Analyse et réflexion sur la politique occidentale, un film engagé qui parle des codes moraux et des limites de l’humain. Rodrigo Sorogoyen se dit attaché au parti-pris de ne pas faire un film idéologique qui serait mal reçu (héritage de la guerre civile) dans le contexte des scandales qui secouent l’Espagne. Le protagoniste Manuel Lopez Vidal, incarné par le grand acteur Antonio de la Torre, que l’on suit dans tout le film est charismatique, bon père de famille, et un citoyen qui est pourtant corruptible accusé d’escroquerie, de trafic d’influence, de fraude en tant que premier bénéficiaire d’un détournement de fond européen (ex : requalification de terrains en sol urbain vendu un prix 100 fois plus élevé), subornation récurrente, malversation , tout cela avec une bande d’amis impliqués au niveau régional et visant des postes de pouvoir comme celui de premier ministre.

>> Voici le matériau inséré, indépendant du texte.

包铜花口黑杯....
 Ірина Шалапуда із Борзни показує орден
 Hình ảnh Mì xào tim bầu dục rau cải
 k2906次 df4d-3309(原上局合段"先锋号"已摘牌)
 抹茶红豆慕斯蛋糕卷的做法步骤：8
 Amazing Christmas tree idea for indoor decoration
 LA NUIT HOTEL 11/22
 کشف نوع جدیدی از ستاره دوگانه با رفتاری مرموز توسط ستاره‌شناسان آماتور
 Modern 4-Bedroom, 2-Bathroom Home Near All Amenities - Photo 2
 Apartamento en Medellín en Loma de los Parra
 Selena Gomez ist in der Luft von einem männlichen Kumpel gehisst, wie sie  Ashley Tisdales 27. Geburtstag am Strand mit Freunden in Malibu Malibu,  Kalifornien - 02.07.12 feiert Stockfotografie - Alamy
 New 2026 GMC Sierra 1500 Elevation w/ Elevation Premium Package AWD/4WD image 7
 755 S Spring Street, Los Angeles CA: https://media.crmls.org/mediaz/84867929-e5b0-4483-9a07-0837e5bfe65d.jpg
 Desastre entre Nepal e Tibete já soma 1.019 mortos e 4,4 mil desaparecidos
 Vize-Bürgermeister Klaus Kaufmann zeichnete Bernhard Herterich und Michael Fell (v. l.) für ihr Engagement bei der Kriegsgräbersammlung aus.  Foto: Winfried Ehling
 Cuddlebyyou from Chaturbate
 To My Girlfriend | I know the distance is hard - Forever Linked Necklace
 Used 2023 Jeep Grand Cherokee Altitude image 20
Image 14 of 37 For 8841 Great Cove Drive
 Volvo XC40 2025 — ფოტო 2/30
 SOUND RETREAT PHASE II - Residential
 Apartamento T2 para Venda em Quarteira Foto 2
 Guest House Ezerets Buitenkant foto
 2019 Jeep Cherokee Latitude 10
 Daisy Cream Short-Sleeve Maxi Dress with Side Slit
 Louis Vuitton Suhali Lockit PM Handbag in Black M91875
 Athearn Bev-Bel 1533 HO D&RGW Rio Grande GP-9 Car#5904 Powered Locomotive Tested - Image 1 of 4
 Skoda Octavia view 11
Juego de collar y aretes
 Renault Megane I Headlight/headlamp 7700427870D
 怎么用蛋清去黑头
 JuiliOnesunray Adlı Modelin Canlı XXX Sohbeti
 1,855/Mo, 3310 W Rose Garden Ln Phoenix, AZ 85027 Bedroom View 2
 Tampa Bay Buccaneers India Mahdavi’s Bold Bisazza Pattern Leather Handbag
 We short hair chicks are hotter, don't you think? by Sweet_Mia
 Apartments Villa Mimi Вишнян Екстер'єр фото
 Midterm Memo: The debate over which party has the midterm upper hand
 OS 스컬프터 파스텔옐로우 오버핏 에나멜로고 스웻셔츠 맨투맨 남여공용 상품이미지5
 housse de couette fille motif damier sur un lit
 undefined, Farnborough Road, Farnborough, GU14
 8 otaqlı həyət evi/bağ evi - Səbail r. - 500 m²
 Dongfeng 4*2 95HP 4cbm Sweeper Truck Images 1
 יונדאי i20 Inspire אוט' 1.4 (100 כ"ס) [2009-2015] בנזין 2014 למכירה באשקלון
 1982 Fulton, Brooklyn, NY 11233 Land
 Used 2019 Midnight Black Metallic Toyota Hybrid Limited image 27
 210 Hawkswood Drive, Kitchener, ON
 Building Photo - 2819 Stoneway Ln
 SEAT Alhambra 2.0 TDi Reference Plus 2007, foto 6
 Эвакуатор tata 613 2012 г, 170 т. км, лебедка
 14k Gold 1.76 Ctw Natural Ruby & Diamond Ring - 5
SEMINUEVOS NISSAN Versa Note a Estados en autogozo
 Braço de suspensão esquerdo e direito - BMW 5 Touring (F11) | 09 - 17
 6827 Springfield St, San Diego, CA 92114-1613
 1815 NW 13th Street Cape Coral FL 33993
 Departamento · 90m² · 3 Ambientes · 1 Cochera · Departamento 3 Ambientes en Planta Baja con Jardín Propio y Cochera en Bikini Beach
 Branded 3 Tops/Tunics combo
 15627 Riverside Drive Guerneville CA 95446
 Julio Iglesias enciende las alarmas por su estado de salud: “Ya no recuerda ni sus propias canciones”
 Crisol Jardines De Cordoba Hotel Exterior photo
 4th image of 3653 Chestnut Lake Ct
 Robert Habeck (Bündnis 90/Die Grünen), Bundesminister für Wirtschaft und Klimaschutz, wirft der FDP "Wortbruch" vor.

Direction d’acteurs très appliquée : beaucoup de répétitions, d’improvisateurs pour donner du rythme : nombreux acteurs car le choix est de faire interagir beaucoup de personnes du parti, de la société civile, d’entrepreneurs (médias, banques, compagnie d’électricité, laboratoires, construction, etc), de familles… Beaucoup d’objets d’époque ont été glanés pour figurer dans les plans de coupe, les gros plans et très gros plans (souvent coupés).
Le film se déroule dans trois lieux : la communauté autonome* de Valence, de Madrid et en Andorre
(cf.17 communautés autonomes espagnoles qui chacune assure la gouvernance de leur région).
Les personnages passent d’un lieu à l’autre, lieux de passage propices aux scènes de poursuite se résumant parfois à des abstractions. Rodrigo Sorogoyen nous entraîne dans un tourbillon, dans un labyrinthe. La musique d’Olivier Arson et le son techno, modulé comme le battement d’un cœur, accélère les traques, nous amène dans des endroits dangereux. Ils forment au fil du temps un leitmotiv qui rend de plus en plus nerveux, donnant de l’émotion et du stress qui met en relief la fuite continuelle jusqu’au des-crescendo final.